At Corn Hill Festival, the vendor in the space next to me is a Chinese man who spends most of his time sleeping and smoking. While I am packing up, he steps into my tent for the first time to look at my work.
Seeing my photograph on the cover of a copy of Rochester magazine that I have displayed, he scrunches up his face with confusion.
“What is this word? ‘Courage?’“ he asks in broken English.
I try to explain that courage is a kind of mental toughness. “It’s strength on the inside,” I say, pointing to my heart.
The man makes a guttural sound, a grunt of sorts. “You not look strong to me,” he says, pointing at my face in such a way that indicates he isn’t talking about my face so much as my personality. “You just look. . . tired.”
It’s an odd moment.
Because he’s not wrong.
Wearing crazy pants, space buns on my head, and a big smile, I’m sure I don’t look like the most courageous person in the world.
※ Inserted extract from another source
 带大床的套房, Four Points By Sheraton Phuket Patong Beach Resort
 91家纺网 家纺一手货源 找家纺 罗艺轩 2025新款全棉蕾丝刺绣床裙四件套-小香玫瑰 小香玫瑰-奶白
But the truth is I’ve survived some really difficult times: rape, a brain injury, the loss of my marriage, my home, my neighbors, my community, the people I thought were my friends.
For many years now, like an ant in a storm, I’ve worked to rebuild.
I know that people see me as creative and resilient. They see my house, my car. They see me pushing myself to meet new people and try new activities. They see I’m making money and running a business — and they assume I’m ‘fine.’
And most of the time, I am.
But the truth is I am exhausted.
Exhausted by a lifetime of trying too hard, of not letting go, and too much looking back. Exhausted by the stupid things I do — the accidents I cause, the poor choices I make. It weighs me down.
It’s tiring having to be strong all the dang time.
I know everyone is going through something, that I’m not special.
But I’d gladly trade all this mental toughness for a good long cry, followed by a nice long nap in the arms of a lover.
If you ask me, courage is overrated.
What’s got you feeling weighed down and what would make you feel better?